Belgrade #5 : Tarkan ve Kokain
Belgrad yazı serisinin sonuna geldik. O yüzden bu yazıda ülkeye dönmeden önce yaşadığımız son olayı anlatmak istiyorum.
- Belgrade #1 : Yurt Dışı Talihsizlikleri
- Belgrade #2 : Belgrad'da Kurşun Döktürmek
- Belgrade #3 : Hangover Olunca Taksiye Binmeyin
- Belgrade #4 : Belgrad'da Kız İstemeye Gitmek
Belgrad'da ki son gecemizde eğlenmek için yine mecburen Mr.Stefan Braun'a gelmiştik. Bir haftalık tatilimizde her gece aynı mekana geldiğimizden ve club rezervasyon usulü çalıştığı için artık kapıdaki güvenlik bizi tanıyordu. Rezervasyon listesine dahi bakmadan içeri girişimize izin veriyordu. Bunda biraz bizim adamla her gittiğimizde bildiğimizi 3-5 Sırpça cümle ile muhabbet edişimizin de etkisi vardı muhakkak.

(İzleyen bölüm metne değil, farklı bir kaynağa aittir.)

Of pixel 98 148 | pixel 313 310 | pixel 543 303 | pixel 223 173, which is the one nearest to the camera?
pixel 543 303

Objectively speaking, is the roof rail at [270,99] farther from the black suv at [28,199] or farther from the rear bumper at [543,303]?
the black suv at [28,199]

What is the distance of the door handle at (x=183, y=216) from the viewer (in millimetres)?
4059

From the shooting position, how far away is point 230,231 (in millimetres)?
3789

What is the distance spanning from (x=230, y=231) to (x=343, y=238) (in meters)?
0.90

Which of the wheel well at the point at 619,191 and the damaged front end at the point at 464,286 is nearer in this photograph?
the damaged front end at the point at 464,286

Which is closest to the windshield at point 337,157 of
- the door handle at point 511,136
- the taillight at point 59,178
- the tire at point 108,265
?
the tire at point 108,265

Son gecemizde Mr.Stefan Braun her zamankinden daha kalabalıktı. Kendimize zar zor bir yer bulup takılmaya başladık. Fakat mekan kalabalık olduğundan doğru düzgün dans bile edemiyorduk. Zaten genel olarak Sırplar uzun süre komünizm ile yönetildikleri için başta dans ve eğlence hayatı olmak üzere bir çok kültürel faaliyetten mahrum kalmışlardı. Bu sebeple biraz çekingenlik ve tecrübesizlik vardı hepsinde. Aynı şeye Prag'da da şahit olmuştum. İnsanlar bir kaç dans figürünü sürekli tekrar etmekten başka bir şey yapmıyordu. Bizde profesyonel dansçı değildik ama kendimizi müziğin ritmine bırakıp eğlenmeyi az çok biliyorduk onlara nazaran. Durum böyle olunca sıradan figürlerle dahi dikkat çekiyor insan ister istemez. Bunda bir ara İspanyol bir grupla halay çekmemizin de etkisi vardı muhtemelen.
Gecenin ilerleyen saatlerinde bizim kafalar iyiden iyiye güzelken İspanyol grupla halayımızı henüz yeni bitirmişken elemanın biri bana yaklaşıp kulağıma bir şeyler söyledi İngilizce. Fakat müziklerden ötürü ne söylediğini anlayamıyordum adamın. Belgrade #3 yazımda da söylediğim gibi club'da zom olunca yardım etmek isteyen bir çok kişiyle ister istemez tanışıp muhabbete girmiştik ve her gece aynı club'a geldiğimiz için bu muhabbet sürmeye devam etti. Durum böyle olunca yanıma gelen adamın "Muhtemelen bunlar yine abarttı işi, ben önden uyarayım." düşüncesi ile "Are you okey?" dediğine kanaat getirdim.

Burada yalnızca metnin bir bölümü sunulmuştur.